**What to produce**. Below are the records; reproduce all of them exactly but without any images.

**Supplied data**.
BEGIN

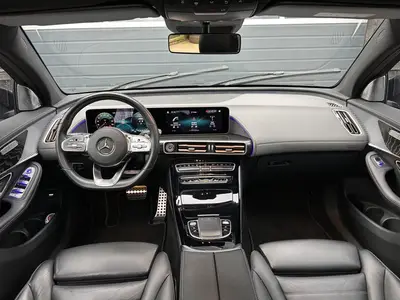 Mercedes-Benz EQC - Thumbnail 13
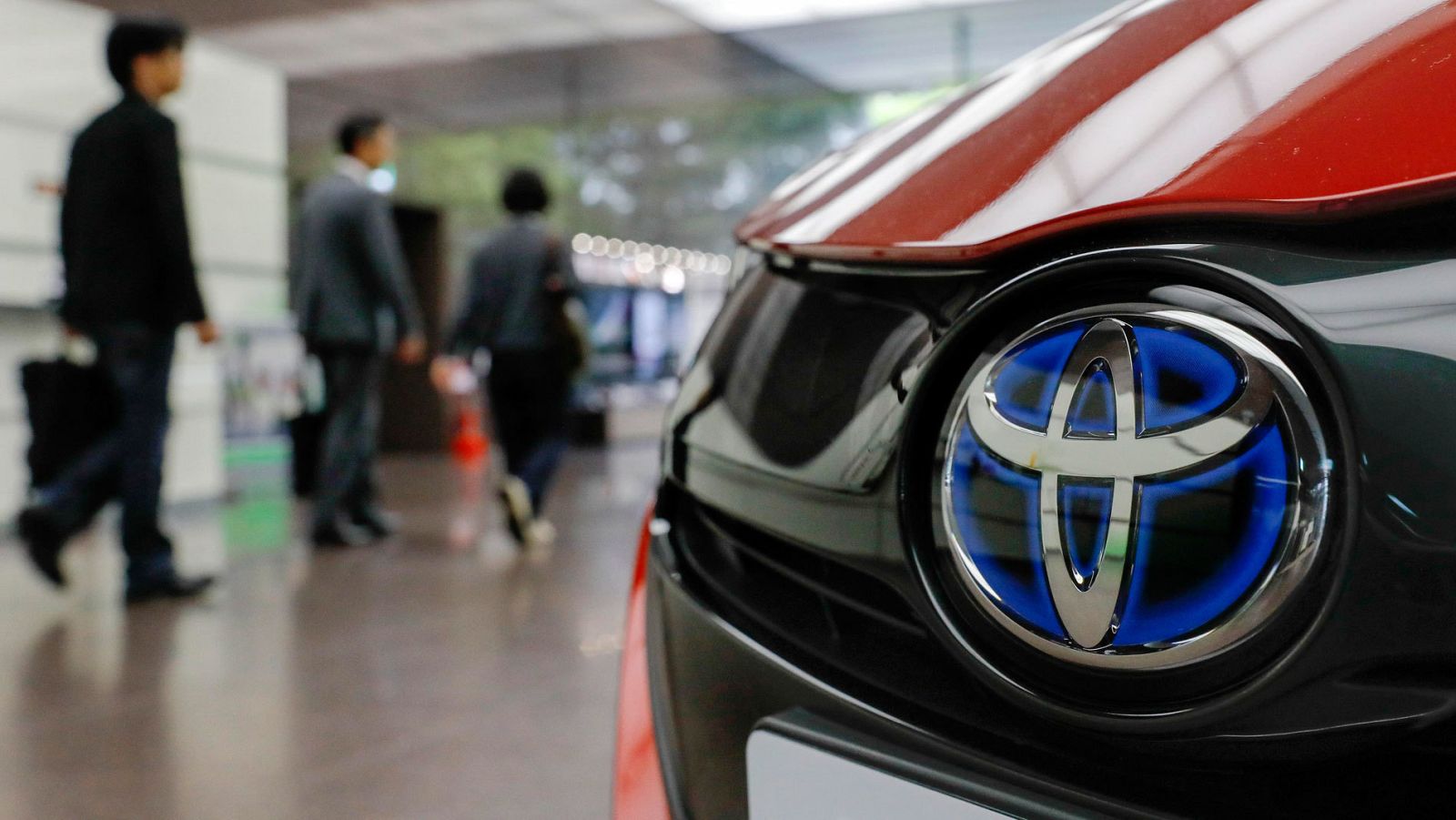 Clientes visitan un concesionario de Toyota en Tokio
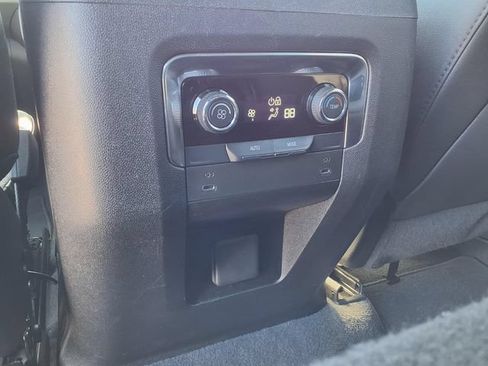 Used 2025 Chevrolet Tahoe LT AWD/4WD image 40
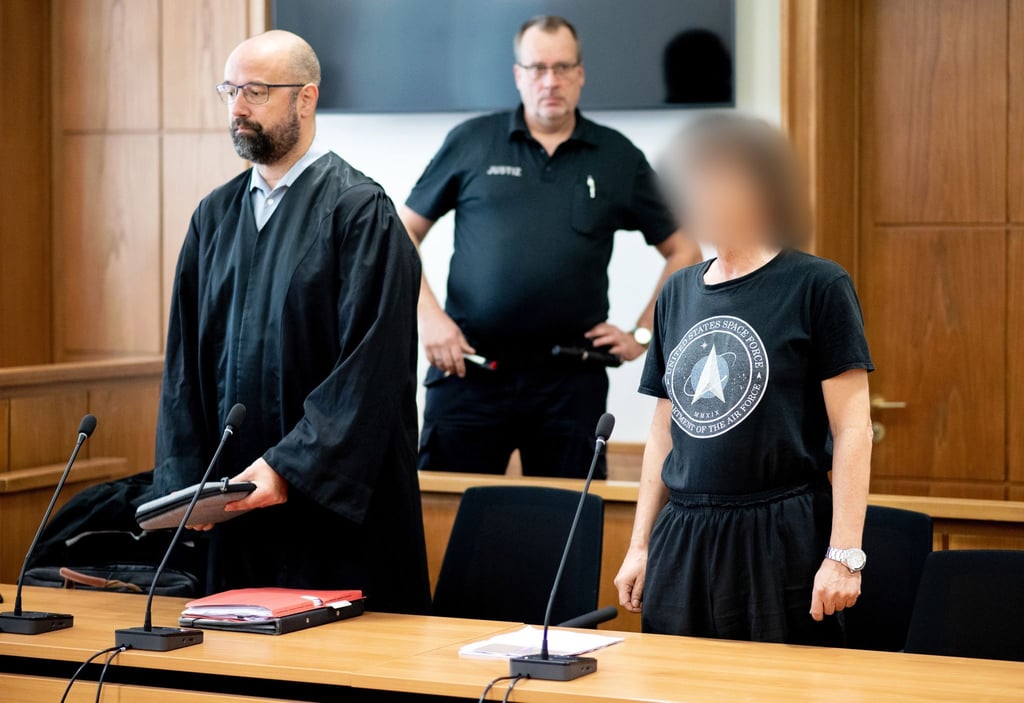 Der Angeklagte (r) steht vor Verhandlungsbeginn neben seinem Anwalt Tobias Pohl (l) im Gerichtssaal.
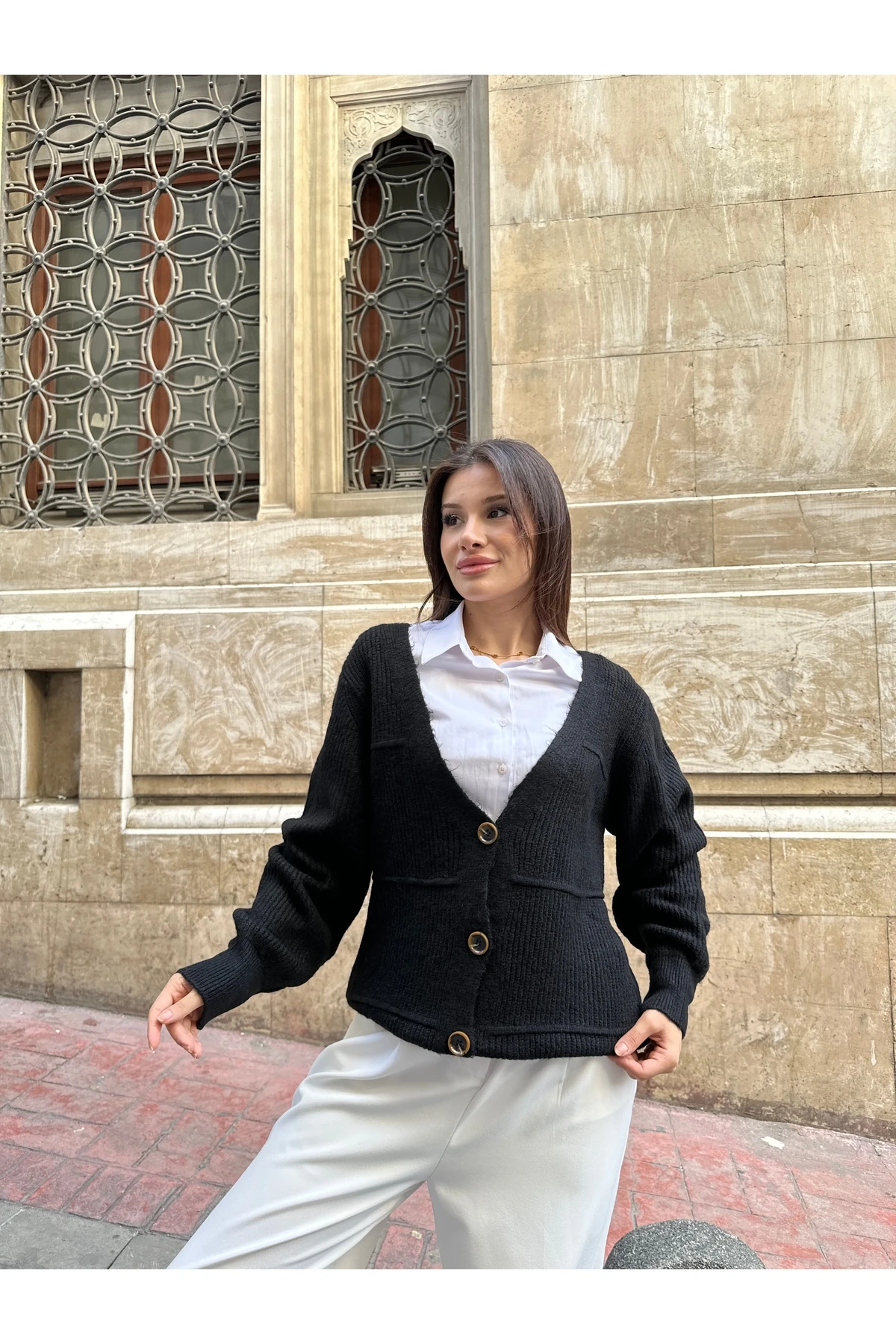 Yumoş Triko Hırka - Siyah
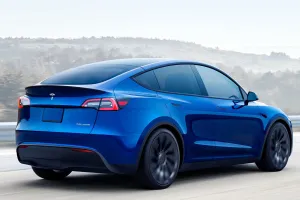 El éxito del Tesla Model Y retrasa el facelift hasta 2025 mientras sigue jugando con los descuentos, en Alemania ya no es tan barato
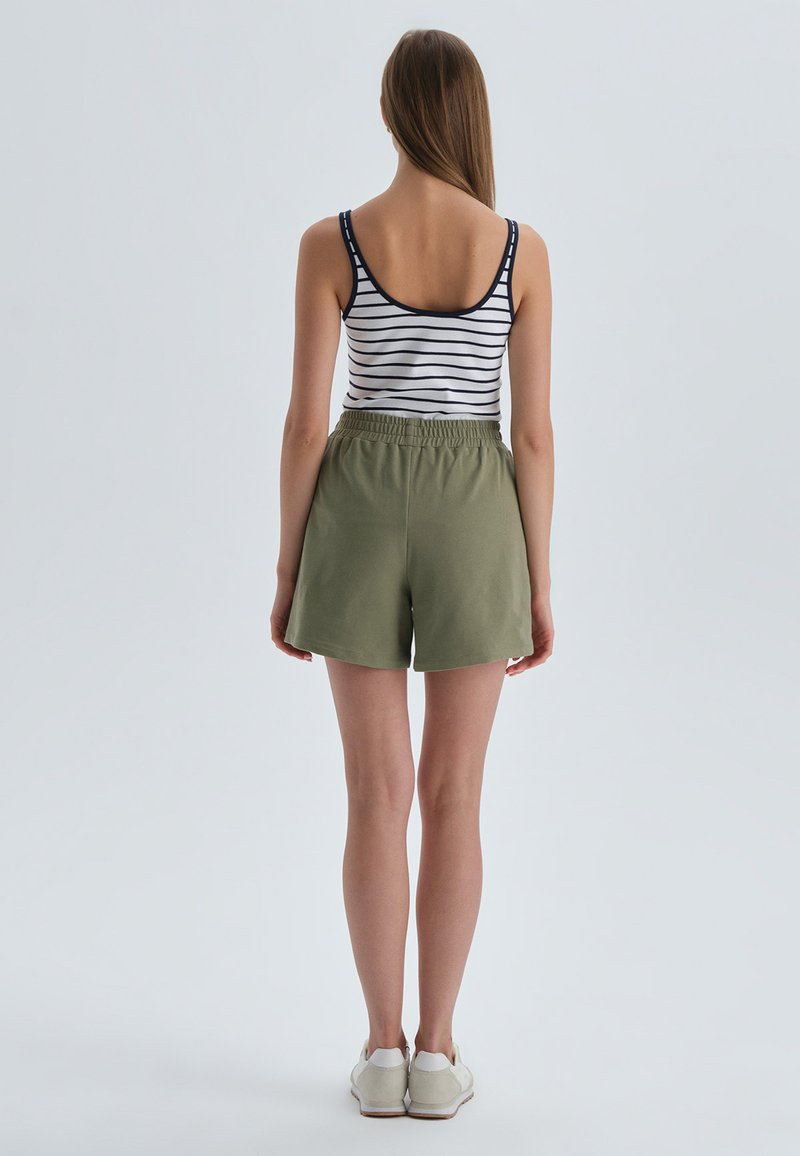 Damen Kleider | DAGI Shorts khaki - QS44067 Damen Kleider | DAGI Shorts khaki - QS44067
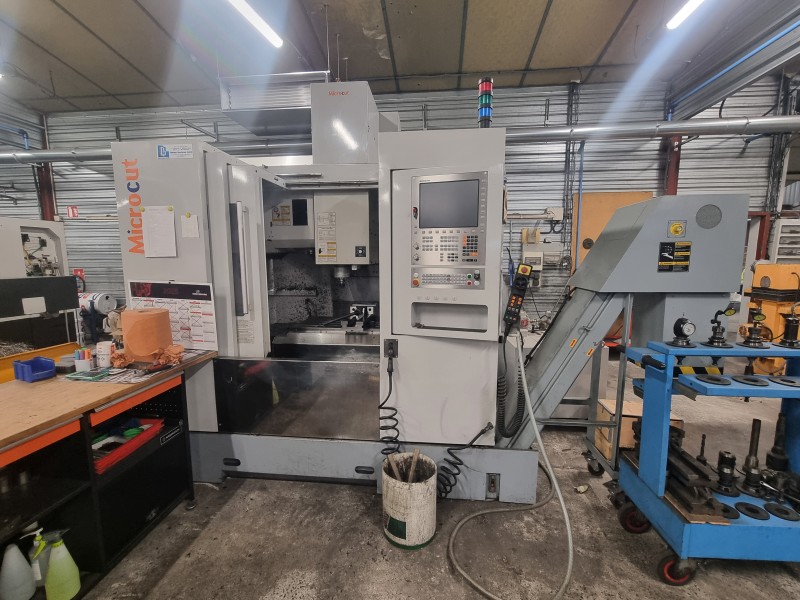 Centre d’usinage vertical 3 axes MM800
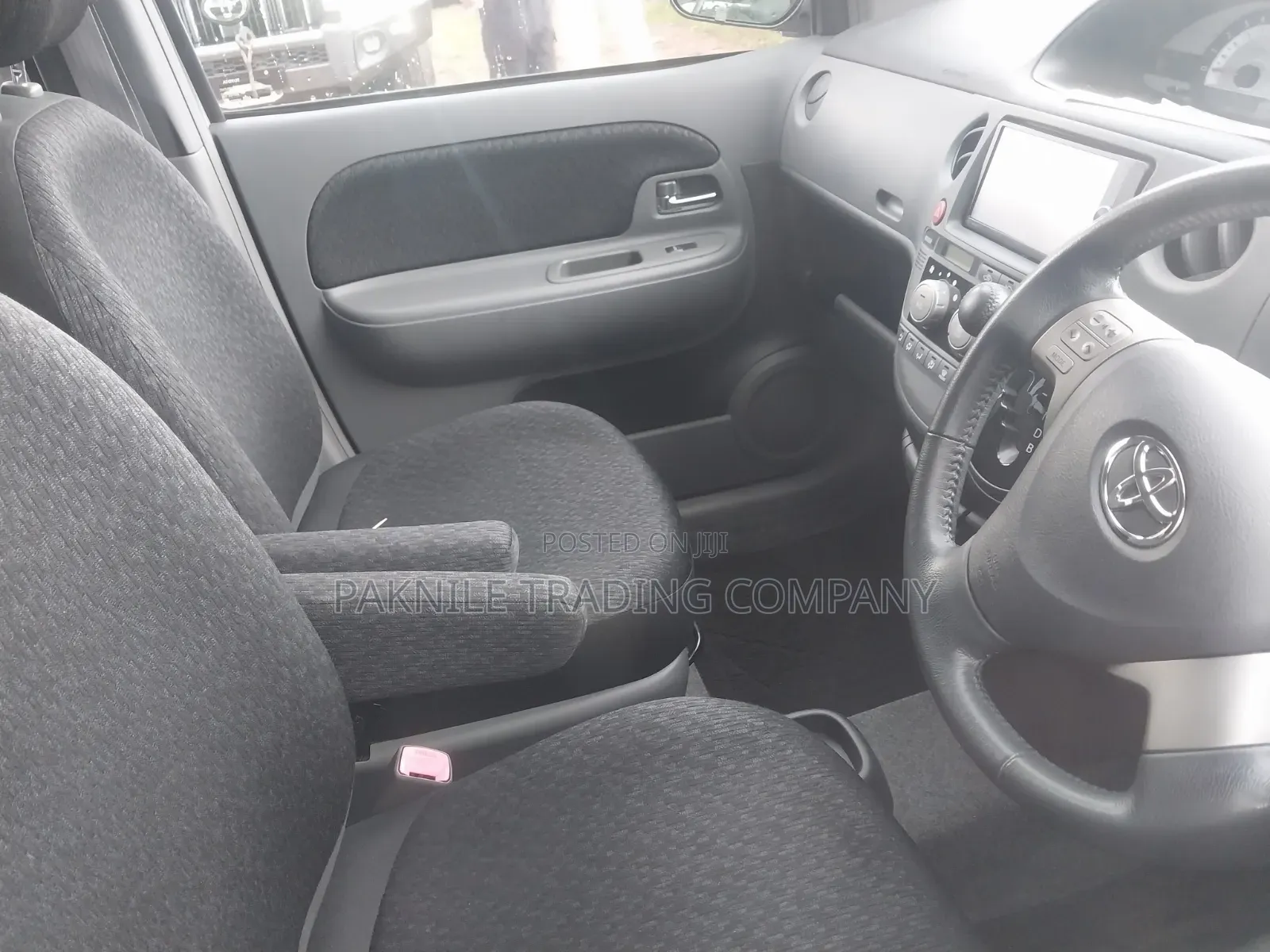 Toyota Sienta 2012 Silver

END

**Exercise result**.
 Mercedes-Benz EQC - Thumbnail 13
 Clientes visitan un concesionario de Toyota en Tokio
 Used 2025 Chevrolet Tahoe LT AWD/4WD image 40
 Der Angeklagte (r) steht vor Verhandlungsbeginn neben seinem Anwalt Tobias Pohl (l) im Gerichtssaal.
 Yumoş Triko Hırka - Siyah
 El éxito del Tesla Model Y retrasa el facelift hasta 2025 mientras sigue jugando con los descuentos, en Alemania ya no es tan barato
 Damen Kleider | DAGI Shorts khaki - QS44067 Damen Kleider | DAGI Shorts khaki - QS44067
 Centre d’usinage vertical 3 axes MM800
 Toyota Sienta 2012 Silver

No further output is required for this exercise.